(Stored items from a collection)
┄┄┄┄┄┄
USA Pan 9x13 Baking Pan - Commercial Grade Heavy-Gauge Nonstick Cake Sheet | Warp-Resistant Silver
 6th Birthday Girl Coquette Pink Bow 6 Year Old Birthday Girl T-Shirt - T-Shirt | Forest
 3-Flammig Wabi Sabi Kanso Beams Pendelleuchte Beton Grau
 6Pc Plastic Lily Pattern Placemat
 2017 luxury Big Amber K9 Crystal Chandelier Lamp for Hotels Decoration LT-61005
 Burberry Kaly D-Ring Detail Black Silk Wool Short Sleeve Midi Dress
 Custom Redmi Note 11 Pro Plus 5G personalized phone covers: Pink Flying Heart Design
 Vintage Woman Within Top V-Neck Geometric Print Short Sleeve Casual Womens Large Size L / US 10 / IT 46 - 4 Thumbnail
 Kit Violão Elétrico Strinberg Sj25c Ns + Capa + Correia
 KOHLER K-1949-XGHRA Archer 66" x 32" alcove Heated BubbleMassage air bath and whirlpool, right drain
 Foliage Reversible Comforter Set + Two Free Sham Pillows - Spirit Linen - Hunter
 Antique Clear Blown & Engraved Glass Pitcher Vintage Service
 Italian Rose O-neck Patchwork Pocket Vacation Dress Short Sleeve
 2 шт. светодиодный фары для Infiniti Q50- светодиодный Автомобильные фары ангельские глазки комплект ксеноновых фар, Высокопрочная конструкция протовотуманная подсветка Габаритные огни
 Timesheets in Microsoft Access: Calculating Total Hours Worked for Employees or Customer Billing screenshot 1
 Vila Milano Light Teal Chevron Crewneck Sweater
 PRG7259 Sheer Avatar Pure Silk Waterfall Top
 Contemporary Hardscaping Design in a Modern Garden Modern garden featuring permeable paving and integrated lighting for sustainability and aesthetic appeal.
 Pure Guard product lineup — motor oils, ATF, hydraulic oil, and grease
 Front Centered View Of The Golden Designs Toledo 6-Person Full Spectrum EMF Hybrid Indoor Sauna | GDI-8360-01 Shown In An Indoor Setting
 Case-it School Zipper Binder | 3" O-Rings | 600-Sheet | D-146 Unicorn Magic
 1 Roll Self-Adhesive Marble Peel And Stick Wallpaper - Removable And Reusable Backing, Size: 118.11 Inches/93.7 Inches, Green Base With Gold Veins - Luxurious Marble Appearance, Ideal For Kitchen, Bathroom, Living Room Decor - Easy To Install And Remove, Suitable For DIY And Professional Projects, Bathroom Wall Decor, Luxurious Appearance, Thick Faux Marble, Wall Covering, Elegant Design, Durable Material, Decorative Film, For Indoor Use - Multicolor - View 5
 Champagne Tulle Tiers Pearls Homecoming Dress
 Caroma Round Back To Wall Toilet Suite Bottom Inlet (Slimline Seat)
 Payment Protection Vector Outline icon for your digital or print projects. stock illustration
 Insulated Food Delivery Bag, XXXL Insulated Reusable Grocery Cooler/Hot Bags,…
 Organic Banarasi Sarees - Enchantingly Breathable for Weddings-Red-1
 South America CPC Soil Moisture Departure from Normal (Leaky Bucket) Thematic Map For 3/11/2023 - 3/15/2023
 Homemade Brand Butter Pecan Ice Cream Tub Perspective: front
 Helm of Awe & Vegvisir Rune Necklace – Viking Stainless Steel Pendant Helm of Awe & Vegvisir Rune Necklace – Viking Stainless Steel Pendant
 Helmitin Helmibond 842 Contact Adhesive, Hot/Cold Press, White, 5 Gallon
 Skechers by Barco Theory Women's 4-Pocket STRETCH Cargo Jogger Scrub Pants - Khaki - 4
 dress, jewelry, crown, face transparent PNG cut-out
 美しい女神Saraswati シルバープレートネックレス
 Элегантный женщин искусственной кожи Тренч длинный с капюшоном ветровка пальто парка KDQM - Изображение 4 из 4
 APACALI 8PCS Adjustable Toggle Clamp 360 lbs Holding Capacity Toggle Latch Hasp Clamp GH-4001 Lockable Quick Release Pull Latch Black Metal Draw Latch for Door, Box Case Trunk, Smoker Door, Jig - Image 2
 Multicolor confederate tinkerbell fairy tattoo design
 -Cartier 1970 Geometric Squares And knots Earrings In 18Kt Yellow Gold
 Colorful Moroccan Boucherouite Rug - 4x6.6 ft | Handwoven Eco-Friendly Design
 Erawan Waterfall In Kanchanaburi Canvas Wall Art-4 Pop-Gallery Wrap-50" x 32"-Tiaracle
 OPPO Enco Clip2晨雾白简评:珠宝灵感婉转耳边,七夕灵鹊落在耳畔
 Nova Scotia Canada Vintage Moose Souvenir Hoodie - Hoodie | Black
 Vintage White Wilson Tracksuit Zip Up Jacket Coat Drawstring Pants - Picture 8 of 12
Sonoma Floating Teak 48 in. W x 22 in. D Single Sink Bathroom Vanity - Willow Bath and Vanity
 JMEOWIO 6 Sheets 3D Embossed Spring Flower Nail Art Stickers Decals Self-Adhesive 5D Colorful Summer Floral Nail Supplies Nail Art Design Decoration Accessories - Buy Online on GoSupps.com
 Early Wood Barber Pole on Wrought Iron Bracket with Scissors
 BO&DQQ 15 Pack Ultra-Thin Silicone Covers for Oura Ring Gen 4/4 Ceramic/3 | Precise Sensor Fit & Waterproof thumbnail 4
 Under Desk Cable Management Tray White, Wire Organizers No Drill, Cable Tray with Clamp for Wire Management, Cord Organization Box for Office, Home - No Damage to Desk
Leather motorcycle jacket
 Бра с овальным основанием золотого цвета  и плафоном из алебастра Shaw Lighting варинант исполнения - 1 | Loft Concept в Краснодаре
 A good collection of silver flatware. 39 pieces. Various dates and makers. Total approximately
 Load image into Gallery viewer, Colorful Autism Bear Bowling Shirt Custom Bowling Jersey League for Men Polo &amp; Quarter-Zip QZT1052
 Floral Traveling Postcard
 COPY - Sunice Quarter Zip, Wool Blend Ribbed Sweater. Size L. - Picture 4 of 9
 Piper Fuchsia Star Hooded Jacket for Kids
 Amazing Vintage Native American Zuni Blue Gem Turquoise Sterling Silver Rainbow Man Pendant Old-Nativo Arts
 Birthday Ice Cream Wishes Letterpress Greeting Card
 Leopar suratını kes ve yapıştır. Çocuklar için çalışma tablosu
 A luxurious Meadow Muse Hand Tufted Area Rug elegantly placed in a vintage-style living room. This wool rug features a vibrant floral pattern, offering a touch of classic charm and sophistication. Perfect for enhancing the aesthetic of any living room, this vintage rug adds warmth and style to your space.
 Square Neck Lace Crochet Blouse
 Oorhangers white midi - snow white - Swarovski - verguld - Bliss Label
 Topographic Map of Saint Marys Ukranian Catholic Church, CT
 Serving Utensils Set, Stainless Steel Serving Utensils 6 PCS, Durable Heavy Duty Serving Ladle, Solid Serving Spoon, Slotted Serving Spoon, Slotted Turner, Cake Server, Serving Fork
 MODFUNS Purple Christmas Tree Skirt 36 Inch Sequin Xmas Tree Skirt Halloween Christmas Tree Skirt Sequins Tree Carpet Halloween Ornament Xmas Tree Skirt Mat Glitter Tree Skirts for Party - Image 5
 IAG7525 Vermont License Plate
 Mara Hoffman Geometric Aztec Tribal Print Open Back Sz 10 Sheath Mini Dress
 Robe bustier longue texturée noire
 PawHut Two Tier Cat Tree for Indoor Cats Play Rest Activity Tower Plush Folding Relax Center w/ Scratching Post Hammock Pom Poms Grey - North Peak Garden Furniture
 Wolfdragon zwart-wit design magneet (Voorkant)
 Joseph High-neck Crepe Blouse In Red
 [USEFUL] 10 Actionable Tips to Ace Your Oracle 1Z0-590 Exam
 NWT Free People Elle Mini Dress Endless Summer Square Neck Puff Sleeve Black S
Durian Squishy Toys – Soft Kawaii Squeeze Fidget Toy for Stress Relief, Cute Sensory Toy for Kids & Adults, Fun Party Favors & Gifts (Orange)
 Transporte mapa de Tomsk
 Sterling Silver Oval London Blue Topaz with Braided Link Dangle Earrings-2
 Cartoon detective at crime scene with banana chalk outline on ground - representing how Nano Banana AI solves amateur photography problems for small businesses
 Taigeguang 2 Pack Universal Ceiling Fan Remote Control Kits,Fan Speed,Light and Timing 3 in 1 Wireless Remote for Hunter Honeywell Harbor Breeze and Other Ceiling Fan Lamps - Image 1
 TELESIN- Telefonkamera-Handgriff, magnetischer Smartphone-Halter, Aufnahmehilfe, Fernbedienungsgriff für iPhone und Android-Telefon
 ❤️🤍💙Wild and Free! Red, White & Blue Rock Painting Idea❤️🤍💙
┄┄┄┄┄┄
WORK INSTRUCTION: When the word "Geometric" shows up in a line of the entries, pull that line out.

SOLUTION FOR THIS PROBLEM:
 Vintage Woman Within Top V-Neck Geometric Print Short Sleeve Casual Womens Large Size L / US 10 / IT 46 - 4 Thumbnail
 -Cartier 1970 Geometric Squares And knots Earrings In 18Kt Yellow Gold
 Mara Hoffman Geometric Aztec Tribal Print Open Back Sz 10 Sheath Mini Dress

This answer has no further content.